Behave and Believe—The Ultimate Goal of Shared Services and Outsourcing Change Management

By December 11, 2012January 3rd, 2022Archive


Last week I was wading through a pile of change management methodologies—you know, the standard ones that are actually quite good—the Kotter and the PROSCI frameworks and strategies, tools and techniques.  It struck me that the change management challenge for outsourcing and shared services is not the dearth of methodologies—there are plenty of templates and questionnaires out there—but understanding what state sourcing change should lead to.

I think it was the late, great George Harrison, said “If you don’t know where you’re going, any road will take you there.” And it seems that, in the thirst to be methodological and cover all the bases, most sourcing change management approaches give a lot of credence to what my favorite Beetle said. Often change management techniques are incorporated into a sourcing transition plan to tick the box, or because there’s a general understanding that if anything will derail shared services and outsourcing, it’s a lack of attention to change management.

But what do you expect sourcing change management to actually achieve? Cover over the noise? Make all relevant stakeholders think they’ve been heard? Implement a communications “insurance” policy so no one comes back to say “you didn’t tell me?” Have a robust intervention program in place? These are all means to an end, but what is the desired end state? How do you get the business case to actually stick?

It comes down to two words: behave and believe.

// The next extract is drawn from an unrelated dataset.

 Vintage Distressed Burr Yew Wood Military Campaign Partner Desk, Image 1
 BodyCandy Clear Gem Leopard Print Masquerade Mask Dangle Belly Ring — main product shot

Sourcing change management is not pretty Power Points, developing catchy mission statements, or getting executive management to stand up and take some heat. It’s not mapping copious numbers of stakeholders, or tweaking the structure of an organization according to some benchmarks that bear no semblance to the way the function actually works.

When stakeholders start to behave—working differently and speaking the same language—the change is taking hold. And when business leaders and process owners start to throw more scope over the transom, they are starting to behave. The proof of the pudding is short memories; when stakeholders cannot remember the old days of silo’d processes, paper and walking down the hallway to get something done, the change is durable.